A brief history of jewellery
Jewellery history goes back many centuries, evolving from shells, animal teeth, and other objects used as adornment in prehistoric times. Jewellery making started in Egypt, Italy, China and South and Central America approximately 5000 years ago.
Over the centuries it came to be a sign of social or religious rank. In Renaissance Italy, jewellery making reached the status of a fine art with many Italian sculptors training as goldsmiths. From the 17th century the decorative function of jewellery again came to the fore, overshadowing its symbolic significance. By 1930, industrialization in New York brought jewellery within the reach of the middle class by creating mass production processes.
Egyptian Jewellery
The ancient Egyptians were familiar with most of the processes of ornamenting metal that are still employed today. They produced skilfully chased, engraved, soldered, repoussé, and inlaid jewellery. They commonly worked in gold and silver and inlaid these metals with semiprecious stones such as carnelian, jasper, amethyst, turquoise, and lapis lazuli and with enamel and glass.
Their jewellery included diadems; wide bead necklaces or collars; square pectorals; hoop, hinged, or bead bracelets; and rings. Many Egyptians wore two bracelets on each arm, one on the wrist and one above the elbow.
An especially popular ornament was the signet ring. Jewellery motifs - the scarab (beetle), lotus, falcon, serpent, and eye, for example—were derived from religious symbols. Vast quantities of jewellery have been found in tombs. Especially notable are ornaments from the tomb of Tutankhamun (reigned 1333-1323 BCbc), of the 18th Dynasty, now in the Egyptian Museum, Cairo.
Middle Eastern Jewellery
Sumerian, Babylonian, and Assyrian tombs of the 3rd and 2nd millennia BC have yielded a great quantity of headdresses, necklaces, earrings, and animal amulet figures in gold, silver, and gems. A well-known example is a royal diadem from Ur made in the shape of thin gold beech leaves (British Museum, London).

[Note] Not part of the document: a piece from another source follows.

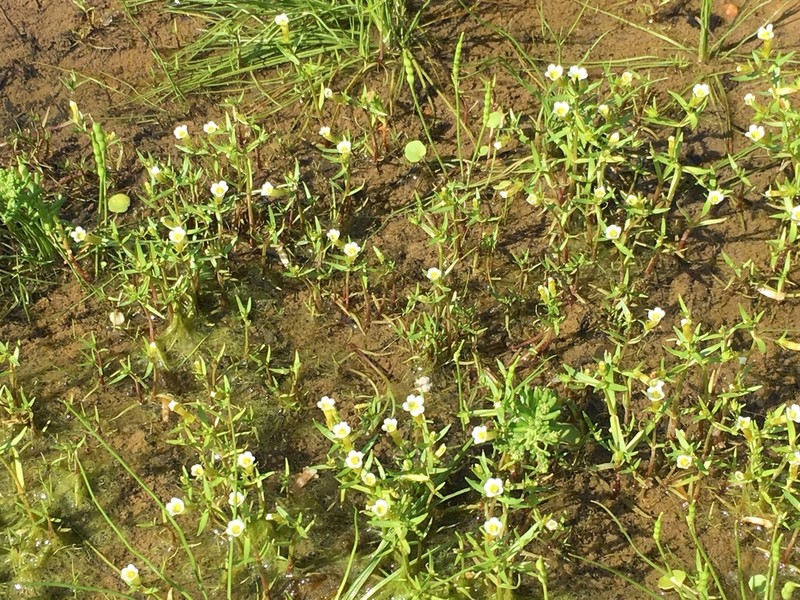 Limestone Hedgehyssop photo 8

Fine gold and silver jewellery was also made in ancient Anatolia, Persia, and Phoenicia. Techniques included granulation (in which surfaces are decorated with clusters of tiny grains of gold), filigree, inlaid gems, and cloisonné and champlevé enamel. Evidence of Egyptian influence on Phoenician work and of Mesopotamian styles on Persian work suggests widespread trade or other contact.
Greek and Roman Jewellery
Trojan and Cretan artisans of the Minoan period, although working at opposite ends of the Aegean region, executed earrings, bracelets, and necklaces of a common type that persisted from about 2500 BC to the beginning of the Classical period of Greek art (479-323 BC).
Typical work consisted of thin coils and chains of linked and plaited wire, and thin foil formed into petals and rosettes. Stamping and enamelling were common. Free use was also made of gold granulation and filigree. Stone inlay was rare. Prevailing motifs were spirals and naturalistic patterns drawn from cuttlefish, starfish, and butterflies.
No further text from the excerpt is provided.